From: Valentin Schneider <valentin.schneider@arm.com>
To: Reinette Chatre <reinette.chatre@intel.com>
Cc: linux-kernel@vger.kernel.org, x86@kernel.org,
Fenghua Yu <fenghua.yu@intel.com>,
Thomas Gleixner <tglx@linutronix.de>,
Ingo Molnar <mingo@redhat.com>, Borislav Petkov <bp@alien8.de>,
"H. Peter Anvin" <hpa@zytor.com>,
James Morse <James.Morse@arm.com>
Subject: Re: [PATCH v2 0/3] x86/intel_rdt: task_work vs task_struct rmid/closid write race
Date: Wed, 25 Nov 2020 15:01:16 +0000 [thread overview]
Message-ID: <jhjpn41v5tv.mognet@arm.com> (raw)

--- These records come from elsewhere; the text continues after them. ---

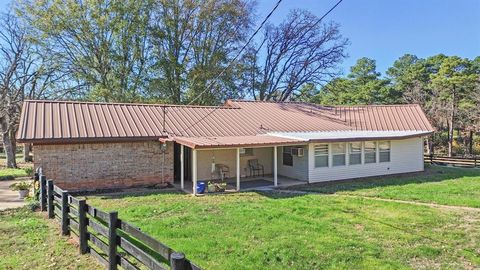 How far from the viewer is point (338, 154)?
16719mm

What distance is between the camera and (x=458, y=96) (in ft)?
103

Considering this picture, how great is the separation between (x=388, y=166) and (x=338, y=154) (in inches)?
133

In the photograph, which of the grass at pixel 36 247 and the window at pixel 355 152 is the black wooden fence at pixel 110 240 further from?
the window at pixel 355 152

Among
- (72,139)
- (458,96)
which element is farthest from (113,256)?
(458,96)

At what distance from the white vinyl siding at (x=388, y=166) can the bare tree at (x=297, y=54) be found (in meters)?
16.4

In-Reply-To: <87be8915-21b0-5214-9742-ccc7515c298b@intel.com>
Hi Reinette,
On 24/11/20 21:37, Reinette Chatre wrote:
> Hi Valentin,
>
> On 11/22/2020 6:24 PM, Valentin Schneider wrote:
>> This is a small cleanup + a fix for a race I stumbled upon while staring at
>> resctrl stuff.
>>
>> Briefly tested on a Xeon Gold 5120 (m2.xlarge.x86 on Equinix) by bouncing
>> a few tasks around control groups.
>>
>
> ...
>
> Thank you very much for taking this on. Unfortunately this race is one
> of a few issues with the way in which tasks moving to a new resource
> group is handled.
>
> Other issues are:
>
> 1.
> Until the queued work is run, the moved task runs with old (and even
> invalid in the case when its original resource group has been removed)
> closid and rmid.
>
For a userspace task, that queued work should be run as soon as possible
(& relevant). If said task is currently running, then task_work_add() will
lead to an IPI; the other cases (task moving itself or not currently
running) are covered by the return to userspace path.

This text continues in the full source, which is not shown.